What you are asked to do —
Transcribe the records below exactly, from their first line through the line containing "Adjustable Kettlebell Sandbag, Canvas". Omit every line after it.

======== Material shown

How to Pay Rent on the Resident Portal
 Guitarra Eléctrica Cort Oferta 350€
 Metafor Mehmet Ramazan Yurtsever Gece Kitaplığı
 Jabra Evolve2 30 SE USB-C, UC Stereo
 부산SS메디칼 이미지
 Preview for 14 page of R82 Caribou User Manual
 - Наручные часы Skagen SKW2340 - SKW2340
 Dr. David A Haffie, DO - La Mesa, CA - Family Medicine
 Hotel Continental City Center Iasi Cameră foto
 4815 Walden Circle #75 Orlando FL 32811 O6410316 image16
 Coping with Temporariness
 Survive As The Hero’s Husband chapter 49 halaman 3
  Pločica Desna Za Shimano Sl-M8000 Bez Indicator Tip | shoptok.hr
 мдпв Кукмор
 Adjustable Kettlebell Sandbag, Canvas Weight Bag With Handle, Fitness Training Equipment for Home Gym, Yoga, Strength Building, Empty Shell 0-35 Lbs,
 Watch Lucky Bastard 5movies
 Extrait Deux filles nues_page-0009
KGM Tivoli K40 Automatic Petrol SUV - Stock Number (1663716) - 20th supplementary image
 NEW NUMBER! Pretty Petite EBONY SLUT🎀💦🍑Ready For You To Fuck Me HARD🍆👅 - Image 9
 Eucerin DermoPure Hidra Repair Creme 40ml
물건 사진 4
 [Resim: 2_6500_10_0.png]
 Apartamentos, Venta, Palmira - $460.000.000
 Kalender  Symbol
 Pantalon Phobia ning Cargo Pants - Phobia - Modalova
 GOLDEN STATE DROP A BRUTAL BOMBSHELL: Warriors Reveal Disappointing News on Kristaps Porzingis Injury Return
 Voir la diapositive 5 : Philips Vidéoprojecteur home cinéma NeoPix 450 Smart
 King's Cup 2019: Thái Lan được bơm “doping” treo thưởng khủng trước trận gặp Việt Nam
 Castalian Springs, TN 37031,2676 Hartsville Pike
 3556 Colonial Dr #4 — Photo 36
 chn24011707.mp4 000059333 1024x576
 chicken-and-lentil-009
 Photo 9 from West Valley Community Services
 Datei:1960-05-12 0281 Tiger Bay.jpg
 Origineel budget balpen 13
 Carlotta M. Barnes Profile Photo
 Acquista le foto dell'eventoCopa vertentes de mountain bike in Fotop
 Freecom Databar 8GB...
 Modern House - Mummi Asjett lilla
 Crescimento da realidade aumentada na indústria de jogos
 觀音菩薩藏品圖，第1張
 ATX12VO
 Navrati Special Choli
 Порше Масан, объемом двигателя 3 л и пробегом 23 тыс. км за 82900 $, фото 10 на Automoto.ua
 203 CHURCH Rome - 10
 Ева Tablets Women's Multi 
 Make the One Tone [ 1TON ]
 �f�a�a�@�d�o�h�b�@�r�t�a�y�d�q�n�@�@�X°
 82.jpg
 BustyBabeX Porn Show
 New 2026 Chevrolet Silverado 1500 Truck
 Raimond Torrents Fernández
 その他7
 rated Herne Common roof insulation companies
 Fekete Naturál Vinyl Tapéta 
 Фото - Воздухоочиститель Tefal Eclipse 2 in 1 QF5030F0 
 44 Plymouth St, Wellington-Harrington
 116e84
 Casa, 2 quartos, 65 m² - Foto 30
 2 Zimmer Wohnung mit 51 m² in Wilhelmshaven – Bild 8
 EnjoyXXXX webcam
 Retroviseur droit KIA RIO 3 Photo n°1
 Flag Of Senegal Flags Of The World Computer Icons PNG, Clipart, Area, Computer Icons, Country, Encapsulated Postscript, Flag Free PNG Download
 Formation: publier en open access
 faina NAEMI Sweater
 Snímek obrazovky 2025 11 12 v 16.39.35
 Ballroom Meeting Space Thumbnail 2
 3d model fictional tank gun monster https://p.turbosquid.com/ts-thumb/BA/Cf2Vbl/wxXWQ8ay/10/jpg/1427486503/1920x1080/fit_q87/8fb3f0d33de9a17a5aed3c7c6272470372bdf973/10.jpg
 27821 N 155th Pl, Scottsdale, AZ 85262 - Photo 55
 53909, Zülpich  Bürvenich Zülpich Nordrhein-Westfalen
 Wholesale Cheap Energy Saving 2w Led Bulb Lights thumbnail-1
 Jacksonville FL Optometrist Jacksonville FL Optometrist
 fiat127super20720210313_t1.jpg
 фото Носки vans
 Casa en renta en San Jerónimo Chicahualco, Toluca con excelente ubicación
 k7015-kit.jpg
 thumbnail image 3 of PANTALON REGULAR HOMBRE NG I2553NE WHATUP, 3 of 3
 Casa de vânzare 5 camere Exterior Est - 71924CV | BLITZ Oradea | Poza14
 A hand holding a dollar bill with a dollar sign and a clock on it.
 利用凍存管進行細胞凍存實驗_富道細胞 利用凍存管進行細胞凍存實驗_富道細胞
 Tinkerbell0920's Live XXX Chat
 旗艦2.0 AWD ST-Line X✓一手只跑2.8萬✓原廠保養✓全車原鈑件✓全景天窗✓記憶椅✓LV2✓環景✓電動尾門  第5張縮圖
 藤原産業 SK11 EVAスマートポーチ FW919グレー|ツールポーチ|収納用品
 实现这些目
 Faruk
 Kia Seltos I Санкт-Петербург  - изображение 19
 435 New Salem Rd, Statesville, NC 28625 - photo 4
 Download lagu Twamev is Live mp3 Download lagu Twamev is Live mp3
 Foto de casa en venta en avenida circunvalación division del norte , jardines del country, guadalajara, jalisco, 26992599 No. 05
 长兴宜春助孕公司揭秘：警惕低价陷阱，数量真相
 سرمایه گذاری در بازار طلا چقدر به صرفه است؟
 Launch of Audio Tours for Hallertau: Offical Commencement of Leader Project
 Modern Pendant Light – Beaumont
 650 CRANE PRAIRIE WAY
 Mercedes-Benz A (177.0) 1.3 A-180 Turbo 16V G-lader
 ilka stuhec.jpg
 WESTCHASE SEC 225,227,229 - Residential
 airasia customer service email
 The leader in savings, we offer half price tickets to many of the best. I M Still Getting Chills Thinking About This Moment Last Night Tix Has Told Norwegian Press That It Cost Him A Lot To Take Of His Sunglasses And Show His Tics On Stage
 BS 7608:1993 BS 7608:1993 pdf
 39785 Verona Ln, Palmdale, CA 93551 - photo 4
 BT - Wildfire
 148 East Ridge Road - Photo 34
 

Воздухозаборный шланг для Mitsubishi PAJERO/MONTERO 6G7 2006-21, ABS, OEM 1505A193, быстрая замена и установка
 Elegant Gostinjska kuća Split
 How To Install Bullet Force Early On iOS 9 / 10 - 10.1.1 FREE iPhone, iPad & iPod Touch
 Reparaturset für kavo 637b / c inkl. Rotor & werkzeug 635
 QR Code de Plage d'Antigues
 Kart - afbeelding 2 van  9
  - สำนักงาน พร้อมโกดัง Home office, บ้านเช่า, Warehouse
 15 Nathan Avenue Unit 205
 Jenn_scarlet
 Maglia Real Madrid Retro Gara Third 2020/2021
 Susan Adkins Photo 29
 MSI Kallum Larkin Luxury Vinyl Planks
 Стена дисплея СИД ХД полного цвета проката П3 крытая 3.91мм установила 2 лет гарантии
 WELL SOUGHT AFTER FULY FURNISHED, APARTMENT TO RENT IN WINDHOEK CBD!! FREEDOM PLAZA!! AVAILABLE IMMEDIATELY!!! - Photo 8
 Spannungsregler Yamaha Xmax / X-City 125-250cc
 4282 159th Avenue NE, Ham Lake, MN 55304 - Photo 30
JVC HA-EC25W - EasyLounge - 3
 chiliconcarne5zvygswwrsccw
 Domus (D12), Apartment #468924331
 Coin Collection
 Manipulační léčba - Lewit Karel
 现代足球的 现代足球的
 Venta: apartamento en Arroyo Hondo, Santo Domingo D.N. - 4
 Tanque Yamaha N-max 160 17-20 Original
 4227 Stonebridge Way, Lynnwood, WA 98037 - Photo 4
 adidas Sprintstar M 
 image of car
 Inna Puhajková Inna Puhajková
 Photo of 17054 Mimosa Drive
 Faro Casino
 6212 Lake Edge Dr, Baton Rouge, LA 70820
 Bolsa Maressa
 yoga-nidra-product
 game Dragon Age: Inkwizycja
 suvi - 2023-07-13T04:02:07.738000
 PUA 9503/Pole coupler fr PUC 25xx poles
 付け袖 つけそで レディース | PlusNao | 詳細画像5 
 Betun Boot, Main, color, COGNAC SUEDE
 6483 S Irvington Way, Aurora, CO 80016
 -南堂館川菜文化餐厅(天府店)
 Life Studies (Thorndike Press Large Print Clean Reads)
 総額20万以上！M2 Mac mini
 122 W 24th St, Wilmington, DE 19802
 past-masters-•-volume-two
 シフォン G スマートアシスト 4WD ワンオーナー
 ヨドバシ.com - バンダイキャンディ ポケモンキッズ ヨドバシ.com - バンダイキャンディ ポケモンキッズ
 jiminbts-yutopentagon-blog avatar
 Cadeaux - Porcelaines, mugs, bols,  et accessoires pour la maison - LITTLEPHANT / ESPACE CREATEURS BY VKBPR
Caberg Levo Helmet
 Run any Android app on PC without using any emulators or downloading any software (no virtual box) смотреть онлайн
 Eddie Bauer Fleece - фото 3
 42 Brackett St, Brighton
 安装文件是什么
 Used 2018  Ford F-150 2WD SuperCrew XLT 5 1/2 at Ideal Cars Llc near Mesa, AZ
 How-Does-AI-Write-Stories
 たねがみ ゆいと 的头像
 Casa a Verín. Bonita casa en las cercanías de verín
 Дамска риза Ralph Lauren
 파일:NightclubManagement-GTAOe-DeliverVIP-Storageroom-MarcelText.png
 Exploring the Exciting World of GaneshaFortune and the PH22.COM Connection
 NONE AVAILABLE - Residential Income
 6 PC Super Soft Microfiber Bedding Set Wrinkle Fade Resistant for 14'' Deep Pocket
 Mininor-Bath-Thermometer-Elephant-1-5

================

Task solution —
How to Pay Rent on the Resident Portal
 Guitarra Eléctrica Cort Oferta 350€
 Metafor Mehmet Ramazan Yurtsever Gece Kitaplığı
 Jabra Evolve2 30 SE USB-C, UC Stereo
 부산SS메디칼 이미지
 Preview for 14 page of R82 Caribou User Manual
 - Наручные часы Skagen SKW2340 - SKW2340
 Dr. David A Haffie, DO - La Mesa, CA - Family Medicine
 Hotel Continental City Center Iasi Cameră foto
 4815 Walden Circle #75 Orlando FL 32811 O6410316 image16
 Coping with Temporariness
 Survive As The Hero’s Husband chapter 49 halaman 3
  Pločica Desna Za Shimano Sl-M8000 Bez Indicator Tip | shoptok.hr
 мдпв Кукмор
 Adjustable Kettlebell Sandbag, Canvas Weight Bag With Handle, Fitness Training Equipment for Home Gym, Yoga, Strength Building, Empty Shell 0-35 Lbs,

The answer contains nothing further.